Linda Brothwell is a visual artist based at Spike Island in Bristol who works internationally. She trained in goldsmithing, silversmithing, metalwork and jewellery and is interested in heritage, place-making and how people look after their surroundings. Her multi-disciplinary practice casts her as a maker of objects, tools and publicly sited interventions.
Her focus for Bristol Beacon is to create a work for the façade of the Lantern building.
Linda says: “This will be the first permanent public artwork that I’ve done in the UK and it’s particularly meaningful to me that it will be in the city in which I’ve lived and worked for almost a decade.
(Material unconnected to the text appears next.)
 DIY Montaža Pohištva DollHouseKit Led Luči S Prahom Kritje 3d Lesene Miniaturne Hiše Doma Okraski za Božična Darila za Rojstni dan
“I wanted to look at the history of the building, what’s happened around it and on this street during its history and use that narrative to create an elegant and joyful solution on a scale appropriate to the building. The piece I’m creating is being developed with a high quality of craftsmanship, with exquisite detail and colour, using materials that are sympathetic to and resonate with both the building and the city.”
Linda's multi-disciplinary practice casts her as a maker of objects, tools and publicly sited interventions. In the past ten years she has been pioneering a new understanding of the significance of British crafts skills and tools illustrating the importance of their value to economic, social and cultural development.
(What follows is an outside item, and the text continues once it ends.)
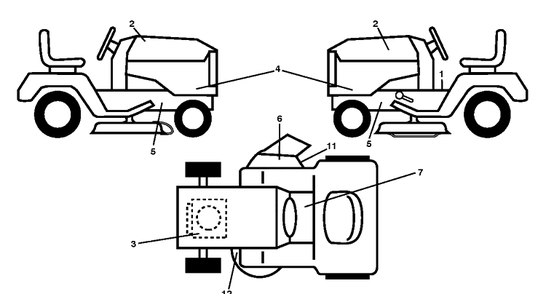 Decals Diagram and Parts List for LT1597 (96041041100)(2017-08) Husqvarna Lawn Tractor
She trained in Goldsmithing, Silversmithing, Metalwork and Jewellery. She works primarily to commission and is interested in heritage, place-making and how people look after their surroundings as evidenced in her series of works “Acts of Care” in which she ‘replaces’ missing letters within signage on iconic buildings. This series initiated a repair movement in the arts and earned recognition through international gallery support, the Jerwood Makers Open (2013) and a place on the Design of the Year shortlist (2009).
Linda is a graduate of The Royal College of Art, where she is now a lecturer, and a Churchill Fellow since 2019.